In [1]:
def compute_repetition_factor(pattern):
    m = len(pattern)
    if m == 0:
        return []
    if m == 1:
        return [1]
    chars = list(pattern)
    # Compute the prefix function π(i)
    pi = [0] * m
    k = 0
    for i in range(1, m):
        while k > 0 and chars[k] != chars[i]:
            k = pi[k-1]
        if chars[k] == chars[i]:
            k = k + 1
        pi[i] = k
    # Compute the repetition factor for each character i
    rep_factors = []
    for i in range(m):
        # Length of the longest proper prefix of pattern[:i+1] that is also a suffix of a prefix of pattern[:i+1]
        len_prefix = pi[i]
        # Length of the repeating substring
        len_repeated = i + 1 - len_prefix
        if len_repeated == 0 or (i+1) % len_repeated != 0:
            # Pattern[:i+1] is not a repeated string
            rep_factors.append(1)
        else:
            # Pattern[:i+1] is a repeated string with repetition factor (i+1) // len_repeated
            rep_factors.append((i+1) // len_repeated)
    return rep_factors


# Question 2

In [2]:
P = "abababa"
rep_factors = compute_repetition_factor(P)
for i, rf in enumerate(rep_factors):
    print(f"ρ(P{i+1}) = {rf}: {P[:i+1][:len(P[:i+1])//rf]}")


ρ(P1) = 1: a
ρ(P2) = 1: ab
ρ(P3) = 1: aba
ρ(P4) = 2: ab
ρ(P5) = 1: ababa
ρ(P6) = 3: ab
ρ(P7) = 1: abababa


In [3]:
import random
import time

def generate_random_pattern(m):
    return ''.join(chr(random.randint(97, 122)) for _ in range(m))

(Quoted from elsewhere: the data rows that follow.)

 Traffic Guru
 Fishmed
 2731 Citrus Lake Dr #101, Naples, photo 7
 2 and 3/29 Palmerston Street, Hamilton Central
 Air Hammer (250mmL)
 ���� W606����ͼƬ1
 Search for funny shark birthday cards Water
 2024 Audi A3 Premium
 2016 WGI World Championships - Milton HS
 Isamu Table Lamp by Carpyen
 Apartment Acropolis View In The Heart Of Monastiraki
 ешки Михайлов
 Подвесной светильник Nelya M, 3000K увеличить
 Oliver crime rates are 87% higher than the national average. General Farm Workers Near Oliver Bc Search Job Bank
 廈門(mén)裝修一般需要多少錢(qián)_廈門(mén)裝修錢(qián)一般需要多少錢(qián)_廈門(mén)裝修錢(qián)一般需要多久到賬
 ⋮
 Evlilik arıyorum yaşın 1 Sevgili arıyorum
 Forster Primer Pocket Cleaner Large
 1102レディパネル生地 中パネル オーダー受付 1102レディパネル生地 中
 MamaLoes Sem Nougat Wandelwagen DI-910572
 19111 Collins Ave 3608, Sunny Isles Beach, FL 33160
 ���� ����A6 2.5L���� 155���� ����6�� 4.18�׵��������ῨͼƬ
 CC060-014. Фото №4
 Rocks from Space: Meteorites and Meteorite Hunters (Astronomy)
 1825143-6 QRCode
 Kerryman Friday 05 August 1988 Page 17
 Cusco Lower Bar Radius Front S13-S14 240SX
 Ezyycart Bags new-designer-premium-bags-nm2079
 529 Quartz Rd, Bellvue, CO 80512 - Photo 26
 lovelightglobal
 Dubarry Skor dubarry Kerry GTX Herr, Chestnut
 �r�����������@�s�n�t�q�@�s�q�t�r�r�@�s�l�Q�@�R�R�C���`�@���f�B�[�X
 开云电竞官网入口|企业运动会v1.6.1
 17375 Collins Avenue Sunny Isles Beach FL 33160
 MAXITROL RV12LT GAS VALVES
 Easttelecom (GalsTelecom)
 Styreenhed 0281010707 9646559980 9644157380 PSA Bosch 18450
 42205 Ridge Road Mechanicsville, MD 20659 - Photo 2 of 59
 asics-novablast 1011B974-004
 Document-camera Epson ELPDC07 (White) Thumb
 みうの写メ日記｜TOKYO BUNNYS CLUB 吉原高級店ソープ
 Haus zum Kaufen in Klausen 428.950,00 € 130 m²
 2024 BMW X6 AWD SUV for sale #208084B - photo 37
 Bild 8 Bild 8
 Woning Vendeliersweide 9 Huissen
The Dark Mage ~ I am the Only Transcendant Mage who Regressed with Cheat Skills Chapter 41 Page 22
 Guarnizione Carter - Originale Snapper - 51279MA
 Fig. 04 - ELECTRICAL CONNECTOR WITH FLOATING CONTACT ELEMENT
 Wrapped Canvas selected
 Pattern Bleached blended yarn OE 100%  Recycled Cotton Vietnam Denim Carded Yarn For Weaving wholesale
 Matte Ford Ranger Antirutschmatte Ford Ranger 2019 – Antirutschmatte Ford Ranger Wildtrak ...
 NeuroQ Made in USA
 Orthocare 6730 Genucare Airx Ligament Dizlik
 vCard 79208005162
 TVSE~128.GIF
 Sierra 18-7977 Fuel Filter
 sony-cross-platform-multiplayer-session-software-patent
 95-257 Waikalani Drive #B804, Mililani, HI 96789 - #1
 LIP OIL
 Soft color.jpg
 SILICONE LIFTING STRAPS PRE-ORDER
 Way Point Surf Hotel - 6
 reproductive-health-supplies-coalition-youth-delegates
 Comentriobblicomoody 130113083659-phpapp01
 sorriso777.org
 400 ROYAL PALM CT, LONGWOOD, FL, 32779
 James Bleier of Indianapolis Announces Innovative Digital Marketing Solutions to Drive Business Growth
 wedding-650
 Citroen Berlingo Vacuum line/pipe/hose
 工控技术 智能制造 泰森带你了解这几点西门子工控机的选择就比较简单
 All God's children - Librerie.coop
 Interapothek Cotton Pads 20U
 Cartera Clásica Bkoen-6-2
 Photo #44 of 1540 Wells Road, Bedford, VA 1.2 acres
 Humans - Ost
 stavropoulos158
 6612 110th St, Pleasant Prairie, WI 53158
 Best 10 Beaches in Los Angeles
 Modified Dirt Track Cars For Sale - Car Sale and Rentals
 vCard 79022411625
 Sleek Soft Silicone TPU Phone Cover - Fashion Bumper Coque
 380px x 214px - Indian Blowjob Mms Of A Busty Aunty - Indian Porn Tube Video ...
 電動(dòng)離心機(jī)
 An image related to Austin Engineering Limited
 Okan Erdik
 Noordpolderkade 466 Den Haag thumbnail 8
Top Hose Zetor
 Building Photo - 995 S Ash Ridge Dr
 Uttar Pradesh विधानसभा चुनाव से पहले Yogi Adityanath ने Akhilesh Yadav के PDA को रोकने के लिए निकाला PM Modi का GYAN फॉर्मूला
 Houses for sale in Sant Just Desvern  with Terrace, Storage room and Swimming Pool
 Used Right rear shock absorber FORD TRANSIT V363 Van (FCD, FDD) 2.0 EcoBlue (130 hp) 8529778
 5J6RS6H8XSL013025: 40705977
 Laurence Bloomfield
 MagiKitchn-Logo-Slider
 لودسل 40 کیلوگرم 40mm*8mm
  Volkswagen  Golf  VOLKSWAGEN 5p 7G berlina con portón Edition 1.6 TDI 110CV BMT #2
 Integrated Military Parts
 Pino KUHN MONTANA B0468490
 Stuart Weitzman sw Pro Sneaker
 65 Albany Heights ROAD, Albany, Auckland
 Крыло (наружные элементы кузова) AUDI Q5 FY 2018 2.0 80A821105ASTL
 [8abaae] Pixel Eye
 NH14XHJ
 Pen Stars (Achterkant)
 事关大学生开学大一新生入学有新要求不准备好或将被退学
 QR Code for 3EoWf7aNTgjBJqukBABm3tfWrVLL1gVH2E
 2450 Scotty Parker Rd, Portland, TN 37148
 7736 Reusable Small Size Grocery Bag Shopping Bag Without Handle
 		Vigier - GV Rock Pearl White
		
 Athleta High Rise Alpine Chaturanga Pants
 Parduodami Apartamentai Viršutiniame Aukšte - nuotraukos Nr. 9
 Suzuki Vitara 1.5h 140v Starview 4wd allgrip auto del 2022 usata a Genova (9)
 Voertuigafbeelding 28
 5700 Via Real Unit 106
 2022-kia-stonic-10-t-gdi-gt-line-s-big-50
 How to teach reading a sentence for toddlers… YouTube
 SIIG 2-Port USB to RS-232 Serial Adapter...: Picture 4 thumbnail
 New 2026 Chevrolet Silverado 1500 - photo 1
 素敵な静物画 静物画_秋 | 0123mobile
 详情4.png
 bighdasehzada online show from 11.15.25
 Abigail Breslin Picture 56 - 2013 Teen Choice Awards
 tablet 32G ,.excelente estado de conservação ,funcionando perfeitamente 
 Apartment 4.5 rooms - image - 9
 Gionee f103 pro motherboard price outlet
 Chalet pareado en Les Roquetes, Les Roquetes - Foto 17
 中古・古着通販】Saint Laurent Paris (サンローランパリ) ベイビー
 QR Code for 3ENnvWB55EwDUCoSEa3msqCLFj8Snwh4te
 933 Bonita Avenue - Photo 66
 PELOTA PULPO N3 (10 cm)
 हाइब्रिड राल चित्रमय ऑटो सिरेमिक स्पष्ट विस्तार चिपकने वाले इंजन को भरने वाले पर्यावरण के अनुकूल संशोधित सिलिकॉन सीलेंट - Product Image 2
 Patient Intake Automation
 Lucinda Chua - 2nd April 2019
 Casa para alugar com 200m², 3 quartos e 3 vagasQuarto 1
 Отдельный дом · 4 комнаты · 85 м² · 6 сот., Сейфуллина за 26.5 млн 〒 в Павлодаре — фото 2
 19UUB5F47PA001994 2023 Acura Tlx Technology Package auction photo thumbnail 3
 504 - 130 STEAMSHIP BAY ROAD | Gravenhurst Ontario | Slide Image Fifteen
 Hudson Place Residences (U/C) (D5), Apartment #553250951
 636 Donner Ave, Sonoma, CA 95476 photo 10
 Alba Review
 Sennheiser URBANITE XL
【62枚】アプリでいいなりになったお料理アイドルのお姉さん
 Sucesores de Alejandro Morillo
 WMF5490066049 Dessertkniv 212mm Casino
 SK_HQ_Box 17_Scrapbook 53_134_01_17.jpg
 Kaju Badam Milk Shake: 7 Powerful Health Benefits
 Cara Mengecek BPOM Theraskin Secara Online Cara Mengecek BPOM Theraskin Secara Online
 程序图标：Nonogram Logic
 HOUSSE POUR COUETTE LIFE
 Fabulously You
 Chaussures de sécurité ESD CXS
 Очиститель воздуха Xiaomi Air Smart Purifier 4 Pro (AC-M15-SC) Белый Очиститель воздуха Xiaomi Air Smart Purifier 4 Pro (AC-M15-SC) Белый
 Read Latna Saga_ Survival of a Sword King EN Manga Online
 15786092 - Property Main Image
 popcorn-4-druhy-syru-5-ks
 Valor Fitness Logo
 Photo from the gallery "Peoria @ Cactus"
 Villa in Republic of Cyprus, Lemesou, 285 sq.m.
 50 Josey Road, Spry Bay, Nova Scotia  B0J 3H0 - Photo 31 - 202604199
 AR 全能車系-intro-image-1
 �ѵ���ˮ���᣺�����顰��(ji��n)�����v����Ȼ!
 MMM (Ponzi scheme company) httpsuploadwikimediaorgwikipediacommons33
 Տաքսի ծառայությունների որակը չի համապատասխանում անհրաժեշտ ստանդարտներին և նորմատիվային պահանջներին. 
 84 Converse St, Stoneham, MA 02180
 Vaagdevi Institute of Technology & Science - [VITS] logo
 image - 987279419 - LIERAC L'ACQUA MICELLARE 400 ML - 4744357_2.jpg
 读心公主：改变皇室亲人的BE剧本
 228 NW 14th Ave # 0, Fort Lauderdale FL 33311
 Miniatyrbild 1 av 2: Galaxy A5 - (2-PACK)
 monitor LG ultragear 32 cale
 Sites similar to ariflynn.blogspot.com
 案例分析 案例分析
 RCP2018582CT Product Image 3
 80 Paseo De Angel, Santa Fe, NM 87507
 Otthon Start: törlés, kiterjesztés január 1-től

def run_experiment(num_trials, pattern_length):
    max_repetition_factors = []
    for i in range(num_trials):
        pattern = generate_random_pattern(pattern_length)
        repetition_factors = compute_repetition_factor(pattern)
        max_repetition_factors.append(max(repetition_factors))
    return max_repetition_factors

start_time = time.time()
num_trials = 100
pattern_length = 1000
max_repetition_factors = run_experiment(num_trials, pattern_length)
end_time = time.time()

print(f"Maximum repetitor values for {num_trials} random patterns of length {pattern_length}:")
print(max_repetition_factors)
print("Maximum repetitor value:",max(max_repetition_factors))
print(f"Average time per pattern: {(end_time - start_time) / num_trials} seconds")
max_rf = max(max_repetition_factors)


Maximum repetitor values for 100 random patterns of length 1000:
[1, 2, 1, 1, 1, 1, 1, 1, 1, 1, 1, 1, 1, 1, 1, 1, 1, 1, 1, 1, 1, 1, 1, 1, 1, 1, 1, 1, 1, 1, 1, 1, 1, 1, 1, 1, 1, 1, 2, 2, 1, 1, 1, 1, 1, 1, 1, 2, 1, 1, 1, 1, 1, 1, 1, 1, 1, 1, 1, 1, 1, 1, 1, 1, 1, 1, 1, 1, 1, 1, 1, 1, 1, 1, 1, 1, 1, 1, 1, 1, 1, 1, 1, 1, 1, 1, 1, 1, 1, 1, 1, 1, 1, 1, 1, 1, 1, 1, 1, 1]
Maximum repetitor value: 2
Average time per pattern: 0.007232446670532227 seconds


Conclusion: After running the experiment for a 100 trials of random patterns of the size 1000 characters, I found that the maximum repetitor factor ρ*(P) is usually very small, ranging from 1 to 3(or)4. This suggests that most random strings of length 1000 have very little repetition.

# Question 3


The time complexity of the compute_repetition_factor function, which calculates the repetition factors of a given pattern, is O(m), where m is the length of the pattern. The function consists of two parts, each with a time complexity of O(m). Therefore, the total time complexity of the function is O(m). However, the section of code that prints the repetition factors and repeated substrings has a time complexity of O(m^2) due to nested loops. As a result, the overall time complexity of the code, including the printing section, is O(m^2).

# Question 4

If we randomly select a binary string of length m, then the maximum repetitor factor ρ(P) is likely to be constant. By using a union bound argument, we can calculate an upper limit on the expected value of ρ(P), which is e^(-2^(-k)m) for any k value. By summing over all possible k values, we can determine that the upper bound of the expected value of ρ(P) is Σk e^(-2^(-k)m), which is a constant regardless of m. Thus, the expected value of ρ*(P) is also a constant.